L’artiste slovène Jan Rozman à propos de sa création Thinging
Thinging prend appui sur le courant de pensée de l’Ontologie Orientée Objet, ou OOO. Comment l’avez-vous croisé et de quoi s’agit-il ?
JAN ROZMAN : Je menais une recherche sur la matérialité du corps humain et quelqu’un m’a recommandé Timothy Morton, l’un des principaux penseurs de l’objet dans nos vies. L’OOO réfléchit même aux relations entre objets, indépendamment de nos interventions. Il s’agit de déconstruire une vision anthropocentrée du monde. Le but est de sortir d’une attitude consumériste et matérialiste où l’homme définit son statut social à travers les objets.

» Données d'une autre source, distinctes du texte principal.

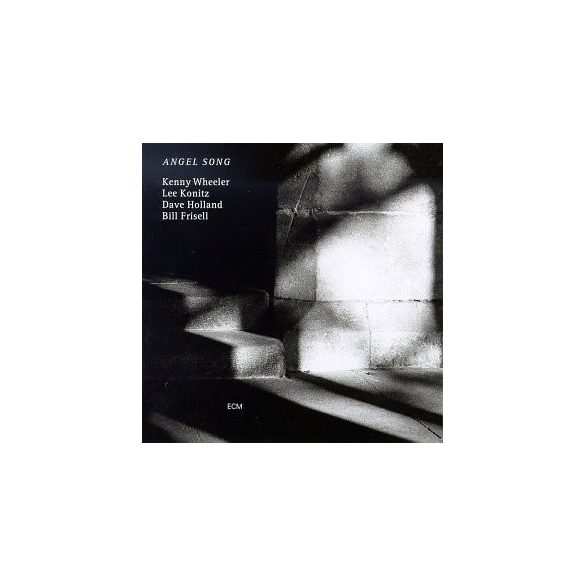 KENNY WHEELER, LEE KONITZ, DAVE HOLLAND, BILL FRISELL - Angel Song CD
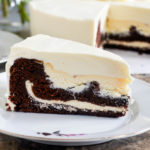 Chocolate Cheesecake Cake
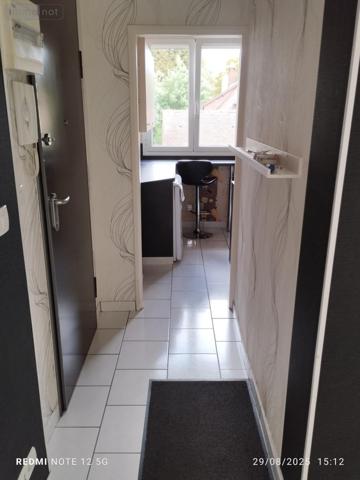 Appartement à louer à Le Petit-Quevilly en Seine-Maritime (76140), ref : 76012-L2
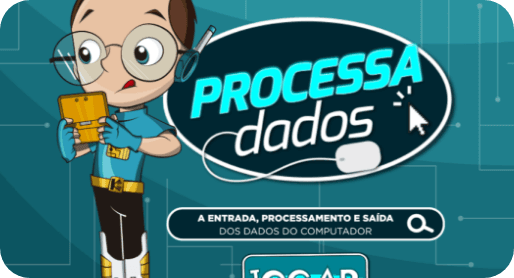 Game Processa Dados
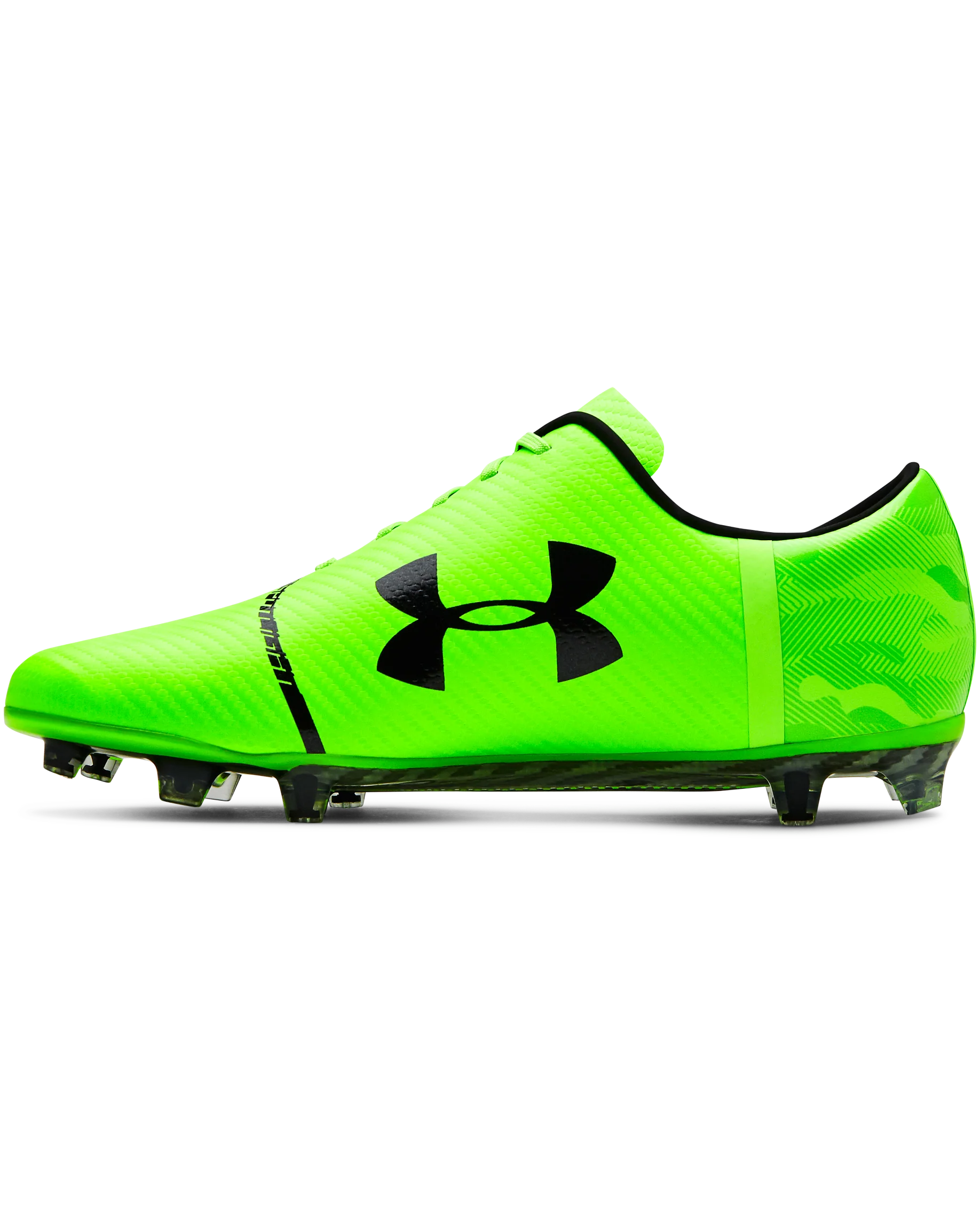 Men's UA Spotlight FG Cleats - Image 2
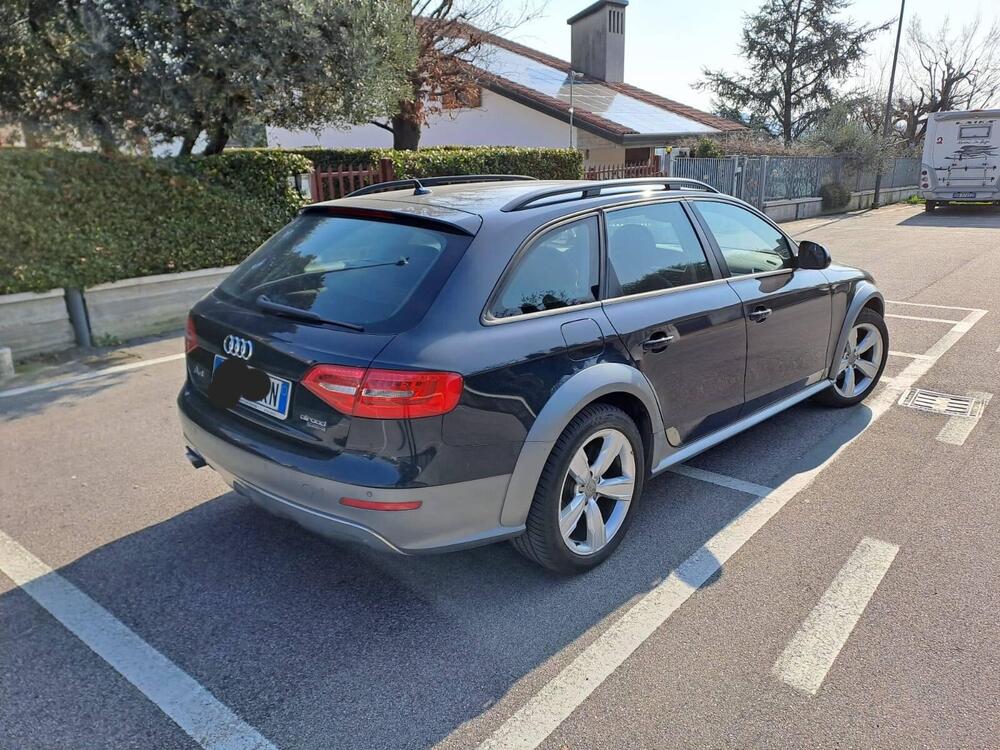 Audi A4 Allroad usata a Verona (14)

Cette découverte a donc été décisive pour la création de votre solo ? J. R. : Depuis mes premières créations, j’ai toujours été intéressé par les objets sur scène en tant qu’extensions de mon corps car nous vivons dans un monde qui n’est plus imaginable sans objets de toutes sortes. Mais l’humanité est arrivée à un point où il lui faut réimaginer cette relation. J’ai donc commen cé à penser ces rapports à travers l’OOO et cela a changé mon regard sur les objets jusque dans ma vie personnelle. L’OOO traite d’objets en général, du plus simple au plus complexe ou technologique, et aux matérialités les plus diverses.
Comment les abordez-vous dans Thinging ?
J. R. : Pour cette pièce, je me suis moins intéressé à la technologie qu’à des objets simples, la plupart en plastique, que nous considérons souvent comme des déchets. Je veux ici leur ou¬vrir un espace poétique qui n’existe pas au quotidien, notamment parce que nous n’avons pas le temps de changer notre perception utilitaire de l’objet.
Le corps humain devient-il donc un objet à son tour ?
J. R. : La frontière entre le corps et l’objet est ici perméable. Je traite parfois le corps comme un objet et des objets comme s’ils étaient des corps vivants. Quand mon corps devient un objet, je peux me permettre de le manier de façons qui ne sont pas imaginables dans ma vie personnelle.
Comment s’est fait le choix des objets ? Auraient-ils parfois choisi eux-mêmes leurs partenaires de scène ?
J. R. : C’était un processus d’expérimentation et chaque objet a son histoire. Certains étaient déjà dans le studio, et j’en ai parfois apporté d’autres, de manière intuitive pour essayer de travailler avec eux. J’ai choisi beaucoup d’objets qui jouent sur la réflexion lumineuse ou la transparence et je les mets en jeu dans un spectre qui va de l’infrarouge à la lumière ultra¬violette. De la même façon, je décline l’eau, de la glace jusqu’à la vapeur. Et j’ai apporté une couverture de survie, comme clin d’oeil aux nombreux spectacles dans lesquels on s’en sert aujourd’hui sur scène.
Thinging n’est pas forcément une pièce dansée au sens propre. Quel est votre rapport à la danse ?
J. R. : J’ai commencé à danser pour mon plaisir quand j’avais quatre ans. J’ai grandi avec la danse et ensuite j’ai étudié la création artistique à Ljubljana, Amsterdam et Berlin. Pour mes spectacles, je n’utilise pas de textes mais je les pense à travers le corps et je travaille avec sa matérialité. C’est vraiment ce qui me définit comme artiste.